Friday, January 27, 2012

GERGASI

JIKA ada kota yang terasa menelan semesta yang hidup di sekelilingnya, kita harus mengunjungi London. Gedung-gedung menjulang, berat, kokoh, dengan gaya ghotik yang purba. Sementara jalan-jalan menyempit, hanya konblok yang menampung dua taksi hitam yang mengingatkan pada cerita-cerita Agatha Christie. Bus-bus merah bertingkat hilir mudik, mengangkut manusia ke beragam tujuan yang tak final.
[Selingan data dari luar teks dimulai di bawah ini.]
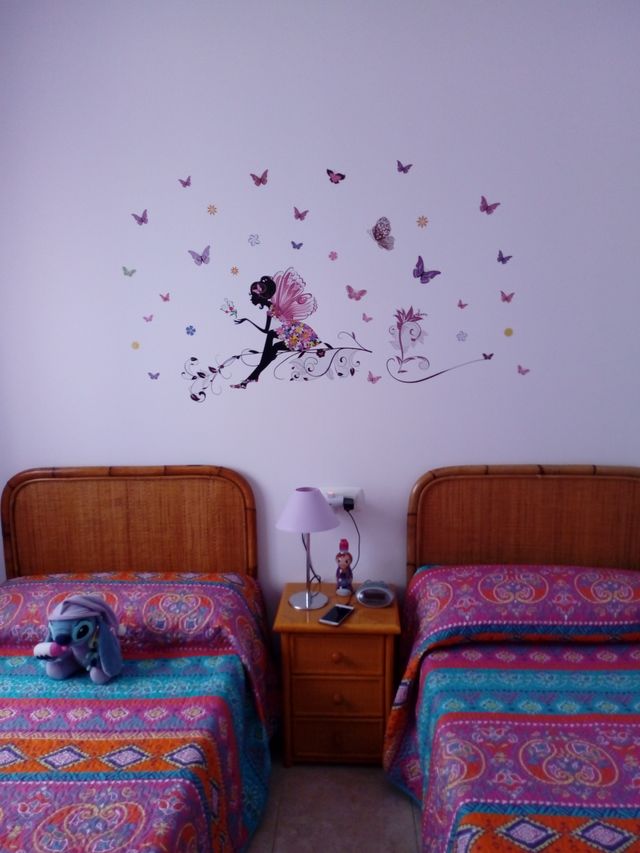 VINILO DECORATIVO NIÑA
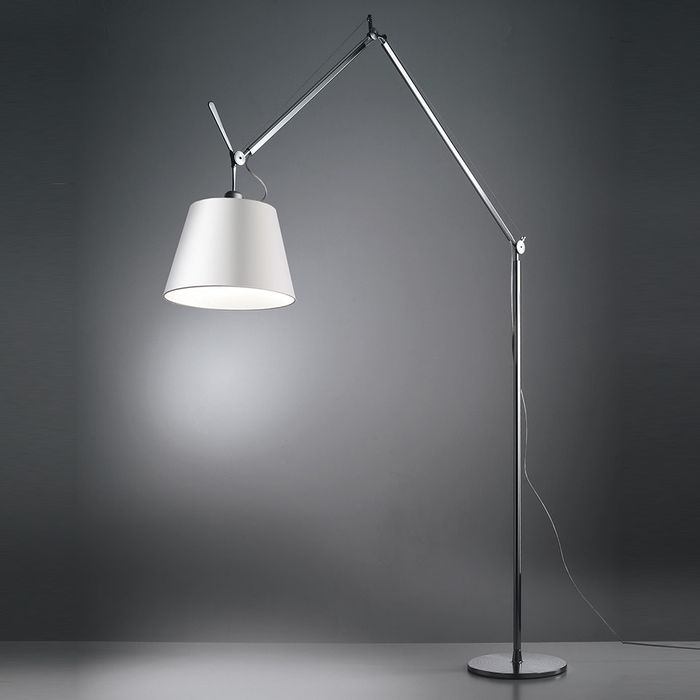 lampa noua artemide tizio led a009210 sau demetra sau tolomeo mega terra pret/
Manusia yang memiuh dan memenuhi trotoar jadi mengecil. Kita tak berarti apa-apa di antara keriuhan itu, bahkan jika Anda berperan sebagai Sherlock Holmes atau M. Hercule Poirot sekalipun. Kota ini seperti tak ingin dikalahkan oleh kecerdikan apapun. Dan sejarah telah mengekalkan kemenangan itu pada batu-batu gerbangnya yang padas, pada bata merahnya yang lawas.

Barangkali seperti New York.

Dalam cerita-cerita Umar Kayam, misalnya Seribu Kunang-Kunang di Manhattan, New York juga menelan manusia-manusia di dalamnya seperti seorang rakus melahap kue tart: tak pernah kenyang, selalu meminta, dan senantiasa lapar. Kota-kota kosmopolitan pada akhirnya menyediakan mulut yang superlebar. Kita masuk ke dalamnya dan terasing di dalamnya.
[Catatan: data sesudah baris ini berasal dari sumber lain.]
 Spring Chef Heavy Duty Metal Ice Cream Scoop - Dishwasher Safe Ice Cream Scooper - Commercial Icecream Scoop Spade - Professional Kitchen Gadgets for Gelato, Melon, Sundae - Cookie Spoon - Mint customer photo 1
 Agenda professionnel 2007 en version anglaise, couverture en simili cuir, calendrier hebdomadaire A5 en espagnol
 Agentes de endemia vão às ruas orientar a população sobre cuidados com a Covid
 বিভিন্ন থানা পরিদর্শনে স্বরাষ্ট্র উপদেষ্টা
London kini punya problem itu. Seorang pejabat Kementerian Luar Negeri mengeluhkan kian derasnya orang-orang Eropa Timur atau dari belahan dunia manapun masuk ke London. Di keramaian dan pedestrian, kita bisa mendengar pelbagai macam bahasa diucapkan. Seorang Armenia penjual mainan di dekat kedai pinggir Trafalgar Square tiba-tiba saja berteriak, "Ayo, murah-murah..." Mungkin karena melihat wajah melayu saya.
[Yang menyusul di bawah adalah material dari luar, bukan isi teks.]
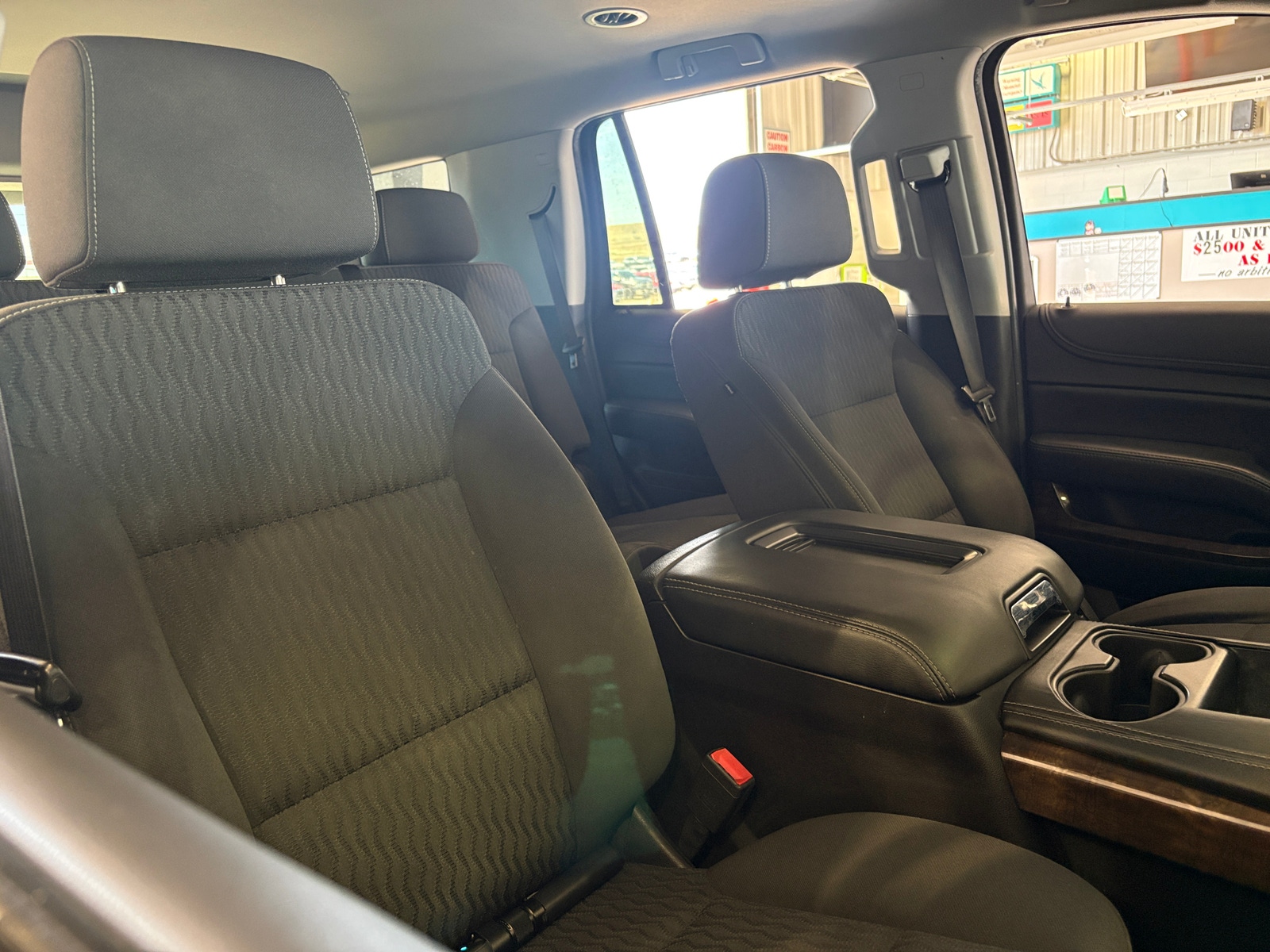 Thumbnail: 2019 Chevrolet Tahoe - 2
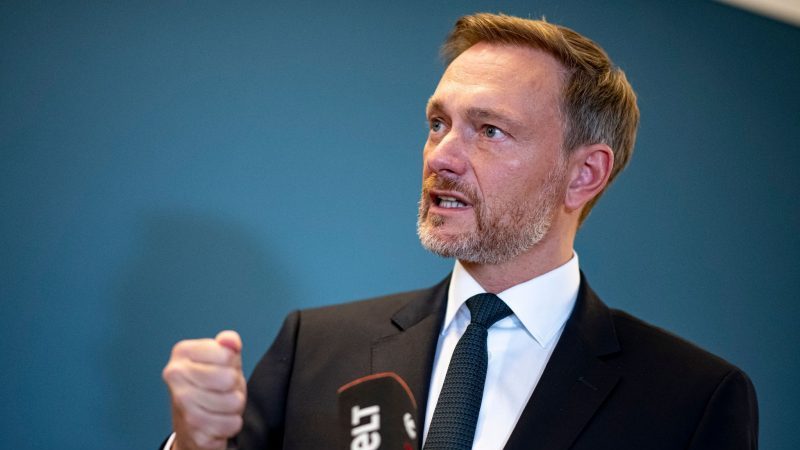 Christian Lindner (FDP), Bundesminister der Finanzen, pocht darauf, dass der Bund die in der Corona-Pandemie ausgesetzte Schuldenbremse wieder einhält.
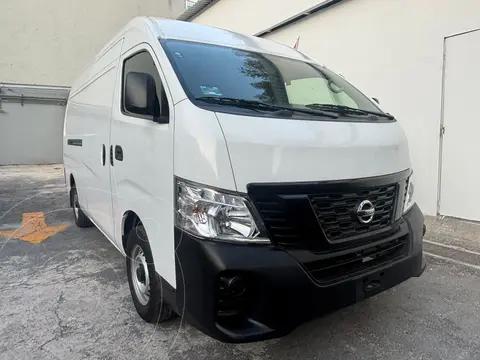 Nissan Urvan Panel Ventanas Amplia usado (2022) color Blanco precio $450,000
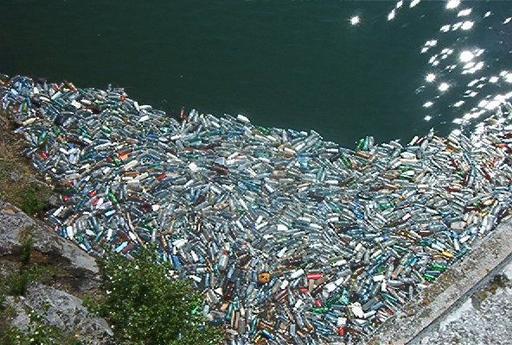 Hidroelectrica: Peste 250 de tone de deşeuri plutesc pe lacul de acumulare Izvorul Muntelui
Mau tak mau, suka tak suka, merekalah para imigran ini yang menopang ekonomi London, bahkan Inggris, karena mereka mau dan bisa bekerja apa saja, bahkan pekerjaan paling kotor sekalipun. Mereka juga rajin. Sebab itu para majikan senang.

Dan para majikan mungkin kini juga datang dari luar. Di daerah Soho, dekat Picadilly Circus, seorang pengusaha berhitung di daerah situ restoran dan warung makan hampir sebagian besar dimiliki orang asing. Bar Italia, restoran Cina, warung Jepang, kari India.

Tapi ada juga yang menuding, para imigran juga menyebabkan problem sosial yang mulai serius. Mereka yang tak rajin dan tangannya tak terpakai para majikan, berkeliaran di jalan. Seorang ibu asal Nothing Hills mengingatkan agar berhati-hati dengan dompet dan uang: copet bisa dengan lihai merogohkan tangannya ke dalam tas kita.

Pertumbuhan ekonomi yang sudah mentok di kawasan Eropa membuat beban pemerintah kian berat di negeri sosialis seperti Inggris. Karena itu usia pensiun tak lagi dibatasi agar beban APBN tak habis mengongkosi mereka yang sudah tak produktif. Tapi akibatnya--karena ekonomi mandeg dan investasi surut--lapangan pekerjaan tersendat sementara usia kerja--anak-anak muda yang butuh uang untuk pesta dan pelesir--terus tumbuh dari tahun ke tahun. Karena itu kebijakan itu jadi debat dan dikritik bisa jadi bumerang pengangguran.

Tapi begitulah problem sebuah kota, gergasi yang tak pernah mati.